Viktor Orban’s “dystopian warnings of a future dominated by a clash of civilisations appear to have struck a chord with his countrymen”, the Financial Times writes about the Hungarian prime minister’s election campaign and rhetorics on migration.
The article quotes Orban’s speech on the national holiday:
“Brussels is not defending Europe and it is not halting immigration . . . It wants to dilute the population of Europe and to replace it, to cast aside our culture, our way of life and everything which separates and distinguishes us Europeans from the other peoples of the world.”
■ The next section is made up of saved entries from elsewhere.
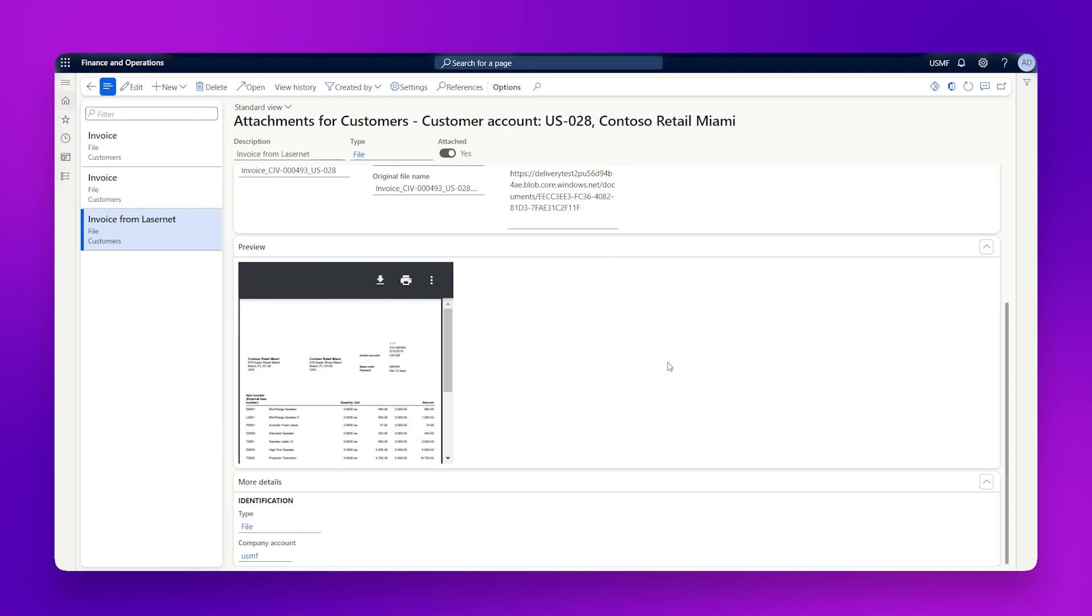So here's my invoice from Lasernet with my invoice number, and there's the copy of the file. So that's how quick and easy it is to set up document handling. Without having to build any integrations or install any other products, we can use it to save a copy of what was sent out of the system back somewhere sensible inside the system.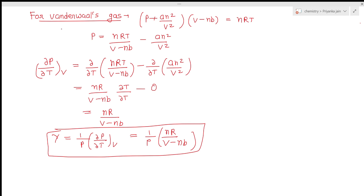In this way you can find out the values of alpha, beta, and gamma. Next, we will see how we can put these values in the equation of state — how we can express the first and second equation of state in terms of alpha, beta, and gamma, and what the relationship between alpha, beta, and gamma is. We will see this in the next lecture. If you are liking my videos, please share them, subscribe to the channel, and please comment. Thank you.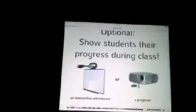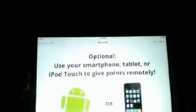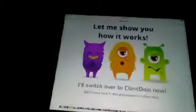I'll show students their progress during class. You can use your iPad or your phone to go to Class Dojo. And Class Dojo gives you every funky avatar, which a lot of teachers love to see those funky avatars.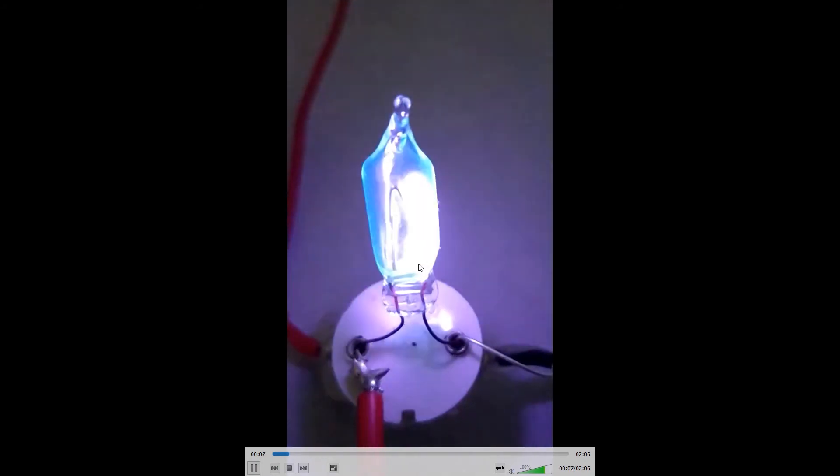Now we will be looking at the slow motion video of a starter in action. We see that when we switch on the tube light, glow discharge occurs which heats up the bimetallic strip and it touches the other metal contact.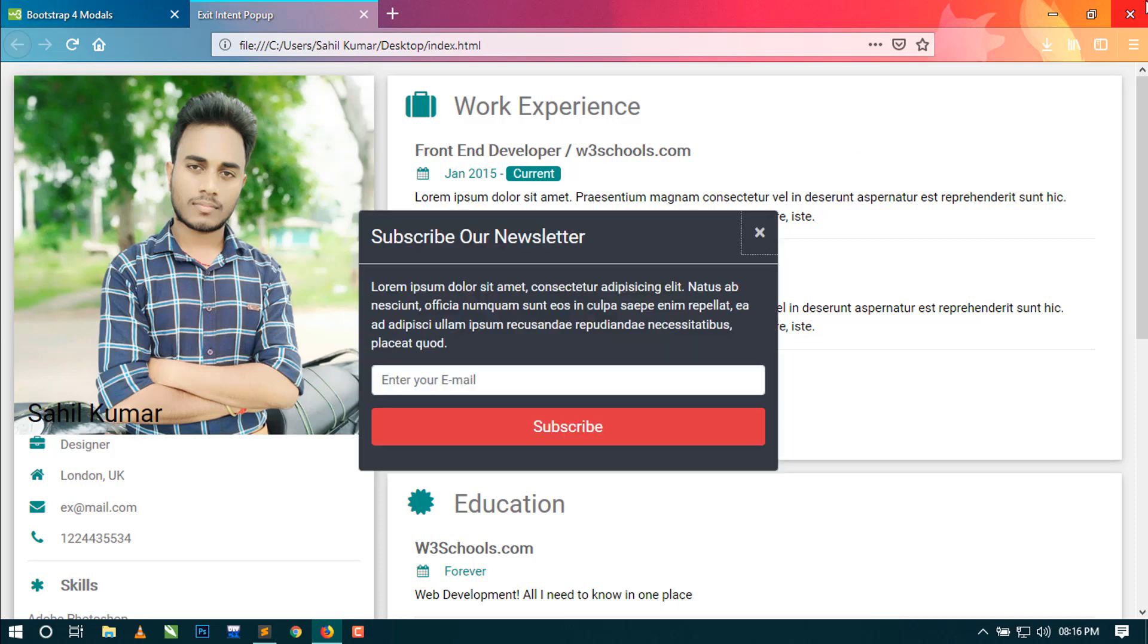So thanks for watching this video guys. If you like this video, then hit the like button and please subscribe to my channel.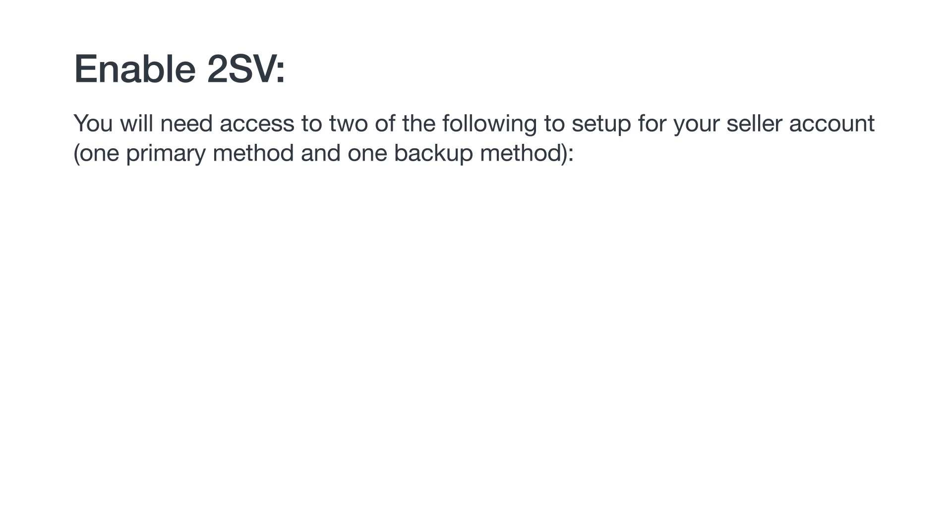Since 2SV requires a way to receive a temporary code, you'll need access to two of the following to set it up for your seller account. One will be the primary method where you will typically receive codes, and one will be the backup just in case you don't have access to the primary device anymore.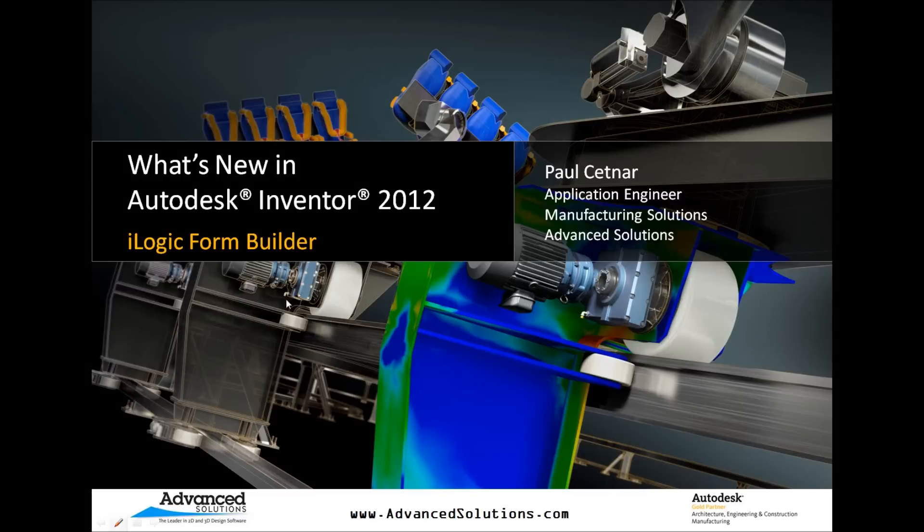Hello, my name is Paul Setner, and I'm an applications engineer with Advanced Solutions Incorporated.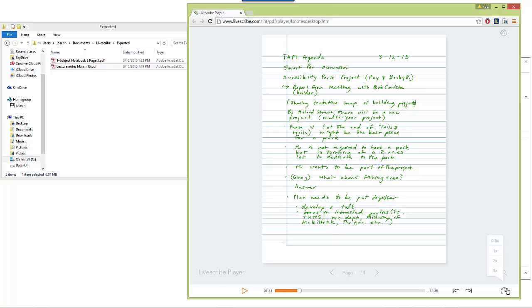And then finally, similar to the Echo desktop software, on the bottom right corner of the screen, I have an option to change the playback speed.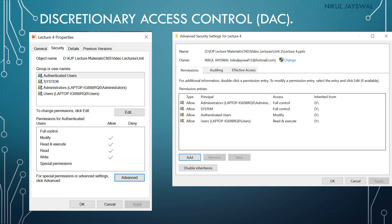You can click 'Add' to add a new user and grant them access. A new control panel opens, allowing you to add users and modify their access levels. Windows operating system uses this access control list to provide access to information — this is discretionary access control.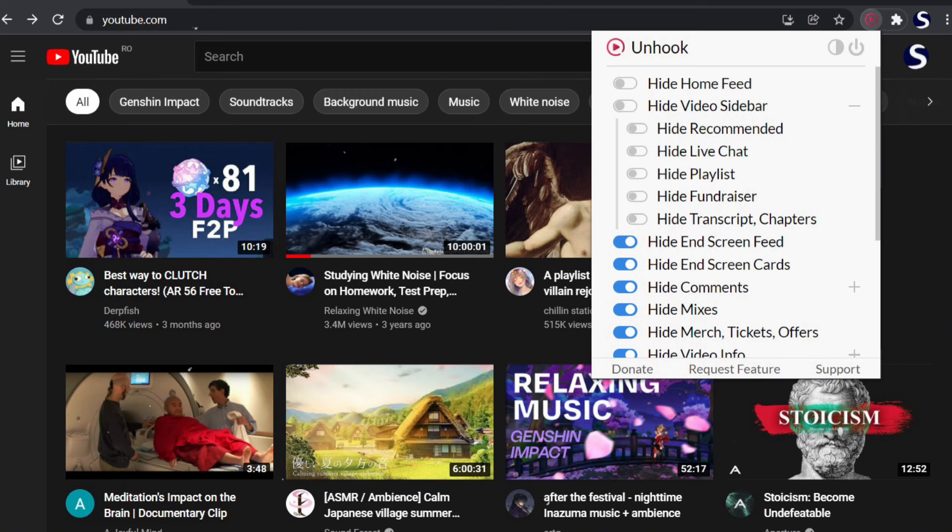The bottom-left quadrant is for tasks that are urgent but not important — delegate these, like tell someone else to do it or pay someone. The bottom-right quadrant is for tasks that are neither urgent nor important — things like cutting your nails — important, but not right away. This system helps you focus on what truly matters.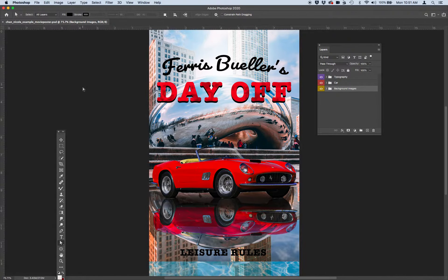Let's quickly go over assignment 5, which is redesigning a movie poster. The requirement for this poster is I want you to redesign a movie poster that was released before the year 2000. This example is Ferris Bueller's Day Off, but the movie is your choice — you do not have to do Ferris Bueller's Day Off. You get to choose any movie you want.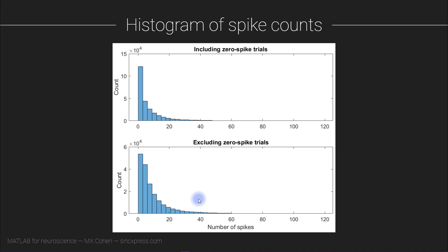However, excluding zero spike trials does allow us to explore some functions and concepts in MATLAB. So from a coding perspective, this is actually a pretty useful exercise.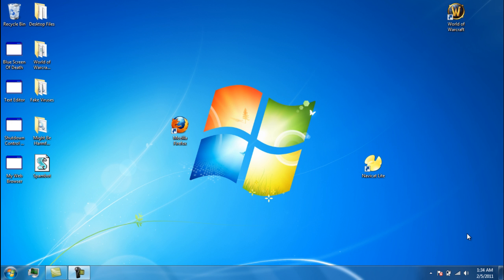Hello everyone, this is TechKiTV. Today I will show you how to create a World of Warcraft private server with an ARCEMU core.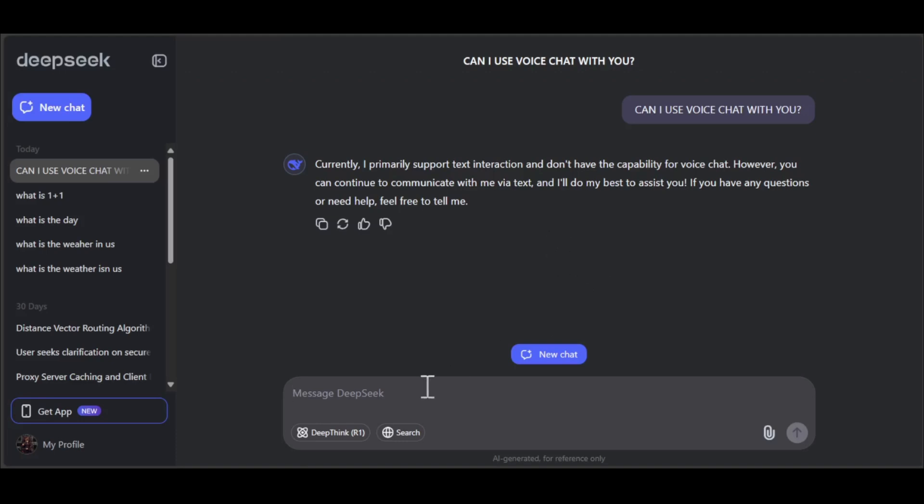So as DeepSeek himself told me that he can't voice chat.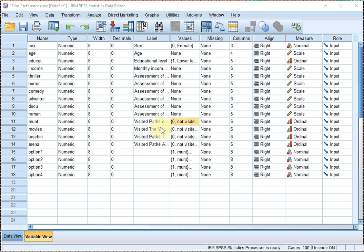Welcome. In this video I'm going to show you how you can generate a frequency table or a cross table of a question that had multiple answers, using in this case the custom tables option.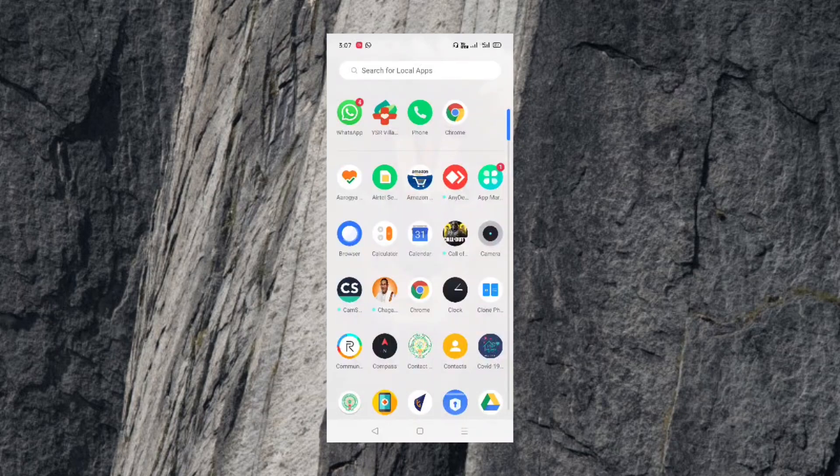Hello everyone, today we will be able to download this app from the mobile Play Store. We will download this app from the interface and open it from the description.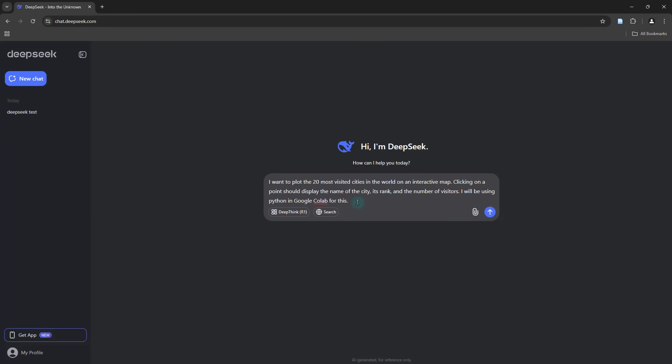One of the cool things that you get to have with DeepSeek R1 is, just like in the paid versions of ChatGPT, you can actually turn on the web browsing option. Whenever it's necessary, it'll basically refer to the web, depending on the task. To get the most up to date information for the 20 most visited cities in the world, I think referring to articles from the web would be a wise thing to do.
According to the article at home Orban faces allegations of corruption and dismantling checks and balances from his opponents, but his party, Fidesz is most likely to reach a majority in the April elections. FT notes that the opposition is fragmented: they were able to win a by-election in Fidesz stronghold Hodmezovasarhely by rallying behind one candidate, but they can’t make a similar deal on a national level. Fidesz is also benefitting from favourable economic conditions: 4% GDP growth and low unemployment.
Andras Biro-Nagy from the Policy Solutions think tank told FT that Orban’s stance on migration is the most important factor in his popularity. He pointed out that Orban considers migration a winning card, an issue that – as the quota referendum in 2016 proves – goes beyond party politics.
“What is at stake . . . is whether after April 8 Hungary will remain a democratic country, or whether it will head towards some sort of banana republic or some sort of dictatorship or some sort of autocracy,” Marton Gyongyosi, MP of the strongest opposition party, Jobbik said, also referring to corruption scandals.
Government spokesman Zoltan Kovacs told FT that such claims are “purely political” and OLAF “has never suggested that the irregular use of European money in Hungary is higher than the European average”.